# Food Classification with CNN - Building a Restaurant Recommendation System

This assignment focuses on developing a deep learning-based food classification system using Convolutional Neural Networks (CNNs). You will build a model that can recognize different food categories and use it to return the food preferences of a user.

## Learning Objectives
- Implement CNNs for image classification
- Work with real-world food image datasets
- Build a preference-detector system

## Background: AI-Powered Food Preference Discovery

The system's core idea is simple:

1. Users upload 10 photos of dishes they enjoy
2. Your CNN classifies these images into the 91 categories
3. Based on these categories, the system returns the user's taste profile

Your task is to develop the core computer vision component that will power this detection engine.

You are given a training ("train" folder) and a test ("test" folder) dataset which have ~45k and ~22k samples respectively.
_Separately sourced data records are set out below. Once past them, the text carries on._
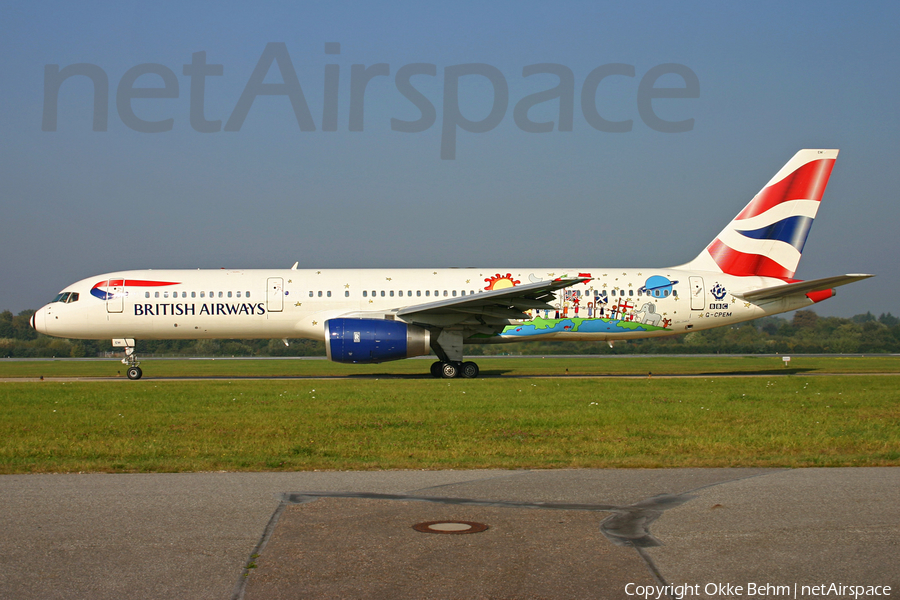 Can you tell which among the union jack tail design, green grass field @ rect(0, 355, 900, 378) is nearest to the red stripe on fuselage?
green grass field @ rect(0, 355, 900, 378)

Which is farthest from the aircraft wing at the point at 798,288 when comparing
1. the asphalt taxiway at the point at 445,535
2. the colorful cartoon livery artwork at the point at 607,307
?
the asphalt taxiway at the point at 445,535

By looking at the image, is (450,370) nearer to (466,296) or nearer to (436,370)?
(436,370)

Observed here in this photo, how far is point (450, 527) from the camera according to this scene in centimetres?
602

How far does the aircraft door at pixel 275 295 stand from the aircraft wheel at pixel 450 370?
5.90 metres

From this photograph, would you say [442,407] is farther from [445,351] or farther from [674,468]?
[445,351]

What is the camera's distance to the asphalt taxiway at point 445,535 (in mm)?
4754

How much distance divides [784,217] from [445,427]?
19488 mm

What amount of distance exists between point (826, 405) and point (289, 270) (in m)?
18.0

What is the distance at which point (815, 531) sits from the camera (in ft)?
19.1

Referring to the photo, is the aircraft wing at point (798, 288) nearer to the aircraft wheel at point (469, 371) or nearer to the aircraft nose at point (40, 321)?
the aircraft wheel at point (469, 371)

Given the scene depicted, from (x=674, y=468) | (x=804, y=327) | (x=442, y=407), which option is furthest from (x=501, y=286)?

For each one of the 91 classes there is a subdirectory containing the images of the respective class.

## Assignment Requirements

### Technical Requirements
- Implement your own pytorch CNN architecture for food image classification
- Use only the provided training dataset split for training
- Train the network from scratch ; No pretrained weights can be used
- Report test-accuracy after every epoch
- Report all hyperparameters of final model
- Use a fixed seed and do not use any CUDA-features that break reproducibility
- Use Pytorch 2.6

### Deliverables
1. Jupyter Notebook with CNN implementation, training code etc.
2. README file
3. Report (max 3 pages)

Submit your report, README and all code files as a single zip file named GROUP_[number]_NC2425_PA. The names and IDs of the group components must be mentioned in the README.
Do not include the dataset in your submission.

### Grading

1. Correct CNN implementation, training runs on the uni computers (computer rooms DM.0.07, DM.0.13, DM.0.17, DM.0.21) according to the README.MD instructions without ANY exceptions: 3pt
2. Perfect 1:1 reproducibility on those machines: 1pt
3. Very clear github-repo-style README.MD with instructions for running the code: 1pt
4. Report: 1pt
5. Model test performance on test-set: interpolated from 30-80% test-accuracy: 0-3pt
6. Pick 10 random pictures of the test set to simulate a user uploading images and report which categories occur how often in these: 1pt
7. Bonus point: use an LLM (API) to generate short description / profile of preferences of the simulated user

**The main reason why we mention the machines in the uni computer rooms is to make it clear to you how we will test your submissions and to make you aware that you can use these machines for working on your assignment if you do not have access to a computer with enough gpu. You do not have to use these machines for this assignment. Using the specified pytorch version, not enabling torch.backends.cuda.matmul.allow_tf32, setting fixed seeds and making sure your code doesn't use more than 8gb VRAM should allow you to fulfill the reproducibility criteria.**

**(If there is anything unclear about this assignment please post your question in the Brightspace discussions forum or send an email)**


In [52]:
import pandas
import torch
import matplotlib.pyplot as plt
import numpy as np
from PIL import Image, ImageOps
import os
import pandas as pd
from sklearn.preprocessing import LabelEncoder
import torch.nn as nn
import torch.optim as optim
import torchvision
from torchvision.transforms import ToTensor
from torchvision import datasets
from torch.utils.data import TensorDataset, DataLoader, Dataset


In [53]:
#os.environ["CUBLAS_WORKSPACE_CONFIG"] = ":4096:8"   # deterministic mode for GPU

random_seed = 42
np.random.seed(random_seed)
torch.manual_seed(random_seed)
torch.cuda.manual_seed(random_seed)


# Loading the datasets
The dataset is already split into a train and test set in the directories "train" and "test".

In [54]:
# different dataloader approach to allow for data augmentation

class FoodDataset(Dataset):
    def __init__(self, root_dir, transform=None, encoder=None):
        self.images = []
        self.labels = []
        self.transform = transform
        self.encoder = encoder

        string_labels = []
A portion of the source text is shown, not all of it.